Diagnostic and therapeutic approaches in refractory insular epilepsy.
Odile FeysSerge GoldmanValentina LolliChantal DepondtBenjamin LegrosNicolas GaspardSophie SchuindXavier De TiègeEstelle RikirPublished in: Epilepsia (2023)
Due to heterogenous seizure semiology and poor contribution of scalp EEG signals, insular epilepsy requires the use of appropriate diagnostic tools for its diagnosis and characterization. The deep location of the insula also presents surgical challenges. The aim of this paper is to review current diagnostic and therapeutic tools and their contribution to the management of insular epilepsy. Magnetic resonance imaging, isotopic imaging, neurophysiological imaging, and genetic testing should be used and interpretated with caution.
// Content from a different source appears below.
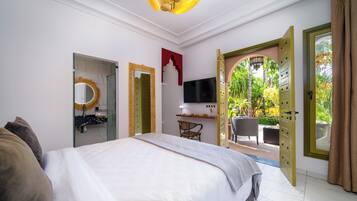 Quarto casal standard, vista para o jardim | Frigobar, cofres nos quartos, escrivaninha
Isotopic imaging and scalp electroencephalography have demonstrated a lower value in epilepsy from insular compared to temporal origin, which increases the interest of functional magnetic resonance imaging and magnetoencephalography. Intracranial recording with stereo-electroencephalography is often required. The insular cortex, being highly connected and deeply located under highly functional areas, is difficult to reach, and its ablative surgery raises functional issues. Tailored resection based on stereo-electroencephalography or alternative curative treatments, such as radiofrequency thermocoagulation, laser interstitial thermal therapy or stereotactic radiosurgery, have produced encouraging results. The management of insular epilepsy has benefited from major advances in the last years. Perspectives for diagnostic and therapeutic procedures will contribute to better management of this complex form of epilepsy.